Saltar para: Post [1], Comentários [2], Pesquisa e Arquivos [3]




Acima dos restantes cidadãos

por Pedro Correia, em 31.01.18

MXPC0PEC.jpg

 

O magistrado que sonhou ser presidente do Benfica disse um dia que "os juízes são a classe menos confiável em Portugal" .

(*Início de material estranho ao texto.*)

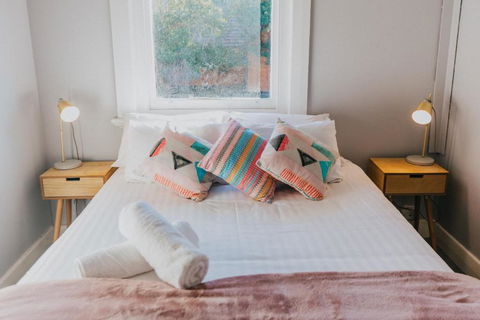 Duke Of Wellington Hotel - Whitsundays Accommodation 0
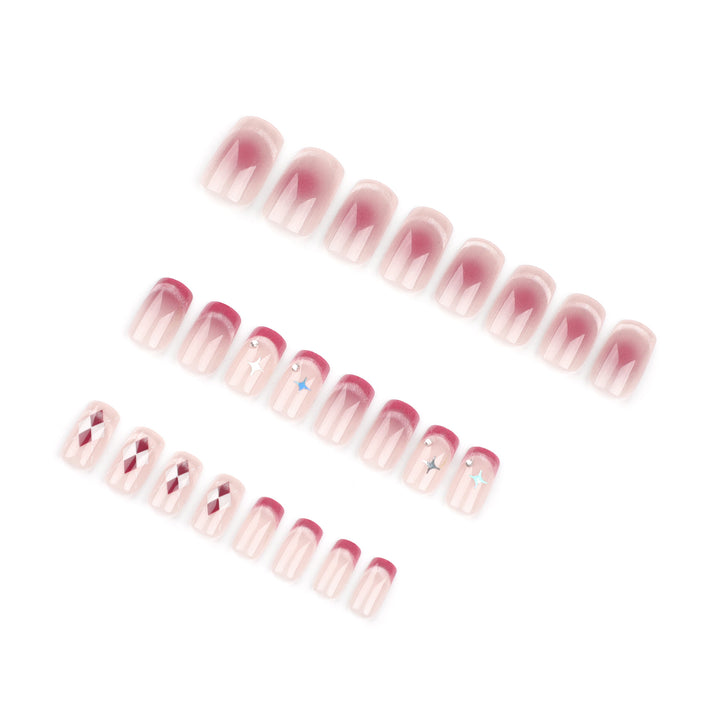 Glamouröse Nagelkunst mit Hochglanz-Effekt Karnz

Talvez esteja certo, atendendo a que ele próprio ascendeu a desembargador, com assento garantido na Relação de Lisboa. E consta que esteve quase a entrar no Supremo Tribunal.

Profundamente errado é um juiz não poder ser detido preventivamente excepto se for surpreendido em flagrante delito, ao abrigo de uma anacrónica norma do Estatuto dos Magistrados Judiciais.

«Os magistrados judiciais não podem ser presos ou detidos antes de ser proferido despacho que designe dia para julgamento relativamente a acusação contra si deduzida, salvo em flagrante delito por crime punível com pena de prisão superior a três anos»,  prescreve o artigo 16.º do referido estatuto.

Em evidente colisão com o direito à igualdade perante a lei consagrado na Constituição da República - princípio tantas vezes invocado e louvado pela ministra da Justiça nas suas brilhantes dissertações.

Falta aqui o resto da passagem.